Even though Congress and President Trump have reached a temporary deal to end the month-long government shutdown, the country faces lingering uncertainty about the economic implications of the extended budgetary standoff. To find out how the shutdown impacted their overall business outlook, as well as if and how their business was affected, Paychex, Inc. recently surveyed 300 business owners with 100 employees or less.
According to the survey, 19 percent of business owners said the shutdown had a negative impact on their business outlook. Despite the length of the shutdown, the future outlook for the majority (68 percent) of business owners was unaffected. Meanwhile, 13 percent reported that the shutdown had a positive impact on their business outlook.
Paychex found that 21 percent of business owners surveyed were directly impacted by the shutdown. The remaining 79 percent were not impacted. Of those experiencing the effects, the decrease in federal worker customers had the largest impact (41 percent), followed by:
- Payment delay from government contractors whose services their businesses rely upon (33 percent)
- Inability to apply for a Small Business Administration (SBA) loan (29 percent)
- Awaiting approval on an SBA loan application submitted before the shutdown (24 percent)
- Suspension of data services regularly provided by the federal government (22 percent)
- Inability to access E-Verify (17 percent)

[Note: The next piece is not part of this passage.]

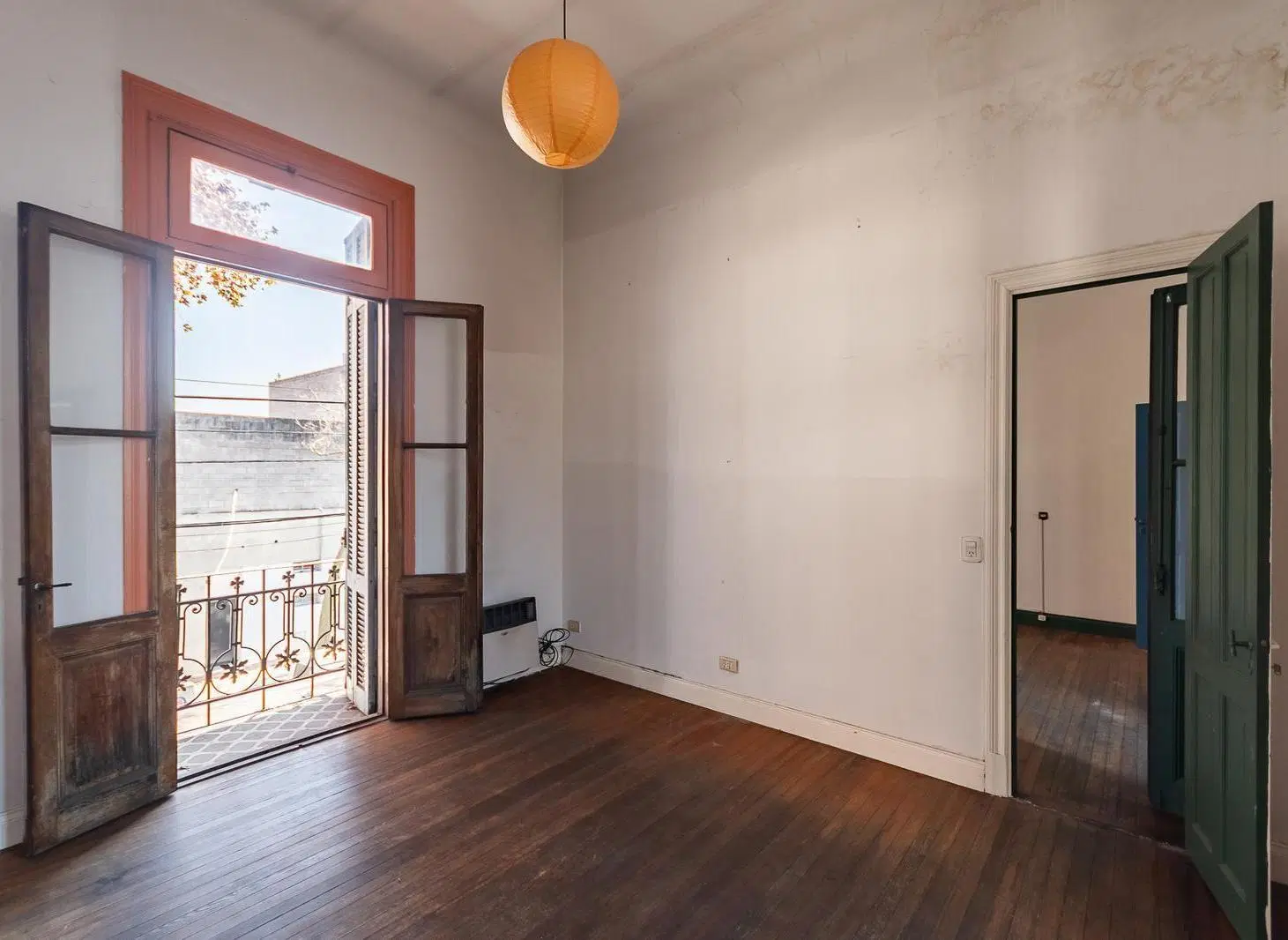 Venta Lote en esquina en La Paternal. Acepta metros! 3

“We’re encouraged from an economic standpoint to see that the government shutdown did not impede business sentiment for many, and most of the owners we surveyed were able to conduct business as usual,” said Martin Mucci, Paychex president and CEO. “Though many businesses weren’t affected, we know that some are still facing significant challenges due to the shutdown. Our advice is to stay informed by talking to financial advisors and other trusted business partners about how to manage cash flow disruptions and preparing for a second shutdown if the temporary resolution runs out on February 15 without a permanent agreement in place.”
For Drew Boling, owner of Custom Vehicle Upfitters, which sells and installs emergency vehicle equipment to government agencies, the shutdown impacted his bottom line.
“We have clients that have received their products and services but could not pay for them during the shutdown,” said Boling. “We were also not getting any new business from affected agencies. In addition, we are in the process of buying a new building, and part of the purchase will be funded through an SBA loan. We have been told that this loan could take twice as long as normal because of the shutdown.”